El Apóstol encuentra respuesta a esta angustia desgarradora en la buena nueva de Jesús, que le da certeza de que Dios no sólo sigue manteniendo su invitación a la comunión con él, sino que además, y muy principalmente, quiere remediar con su gracia, con la efusión de su Espíritu en nuestros corazones, la debilidad e incapacidad que tenemos para acoger aquella invitación. Toda la Carta a los Romanos —entre otros textos—va dirigida a mostrar cómo esto es así. En ella, el Apóstol empieza proclamando que no tiene miedo de que el evangelio le haga quedar mal, porque "es fuerza de Dios capaz de salvar a todo el que se le confíe" (Rm 1,16). El evangelio no es como la ley, que indicaba lo que había que hacer, pero uno se hallaba sin fuerzas para hacerlo. El evangelio es "fuerza": la fuerza de Dios mismo puesta al servicio del hombre, como se manifiesta, sobre todo, en el central capitulo 8 de la misma Carta a los Romanos. Allí se explica cómo luchan en el interior del hombre las tendencias de la carne, contrarias a Dios, y las del espíritu, que quiere ser fiel a Dios. Y Pablo afirma contundente:

"Mas vosotros no estáis en la carne, sino en el espíritu, ya que el Espiritu de Dios habita en vosotros... Hermanos, no estamos bajo la coacción de la carne para someternos a ella, ya que, si vivís según la carne, moriréis. Pero, si con el Espíritu ponéis fin a las obras carnales, viviréis. En efecto, todos los que son guiados por el Espíritu de Dios, ésos son hijos de Dios" (Rm 8, 9 ss).

Ésta es la diferencia entre el cristiano y el pagano o el judío. Éstos tenían la ley—natural o positiva—, que les prescribía lo que tenían que hacer, pero no les daba fuerza para hacerlo. El cristiano tiene, además, el Espiritu de Dios infundido en lo hondo de su corazón que le mueve a vivir como hijo de Dios.
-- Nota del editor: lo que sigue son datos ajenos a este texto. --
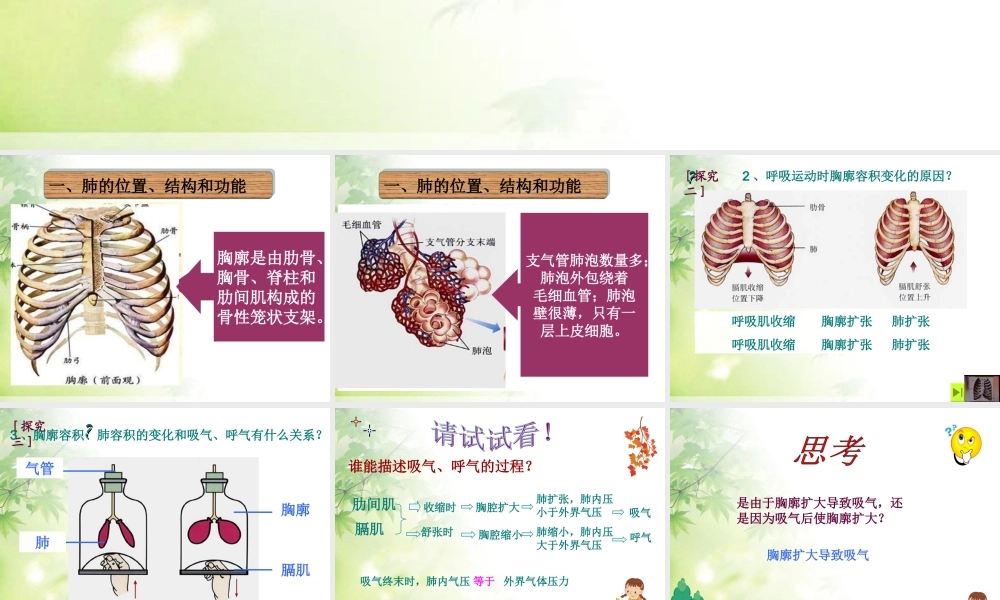 第三章__第二节__发生在肺内的气体交换.ppt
La ley era un principio extrínseco de moralidad; el Espiritu es el principio intrínseco que transforma al cristiano desde dentro y le impele a vivir la comunión filial con Dios en la práctica de la fraternidad.
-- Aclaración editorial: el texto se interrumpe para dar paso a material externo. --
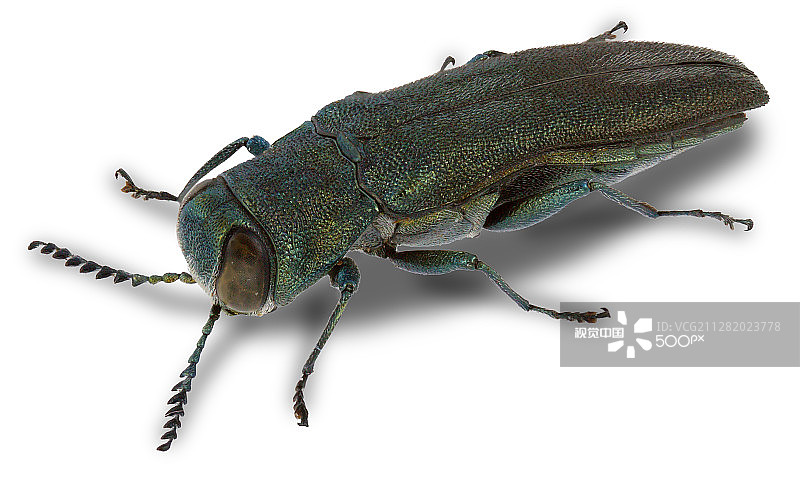 草绿吉丁虫（雄性）图片素材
Ésta es la verdadera "gracia" que se nos ha dado por Jesucristo. Jesús no es meramente aquel "maestro de moralidad" del racionalismo ilustrado, que habría venido sólo a enseñarnos una ley mucho más noble y perfecta que la antigua. Es el "Ungido con el Espiritu"—Christós—que viene, ante todo, a darnos el Espiritu, a sumergirnos en él—a "bautizar en el Espiritu"—, para que nos transforme desde dentro: el Espiritu que prometió a los suyos y el que efectivamente se da a todos sus seguidores en el bautismo, "nuevo nacimiento del agua y del Espiritu". La libertad del hombre ya no se halla sola con su debilidad: tiene consigo como don de Dios mismo, pero como realidad verdaderamente propia, al Espiritu de Dios que obra en ella y con ella. Es así como puede esperar afrontar su responsabilidad ante Dios y para con los demás. El Apóstol resumió bien la propuesta salvadora del Señor: "Si con el Espiritu ponéis fin a las obras carnales, viviréis". He ahí la vida de la gracia en libertad y en responsabilidad.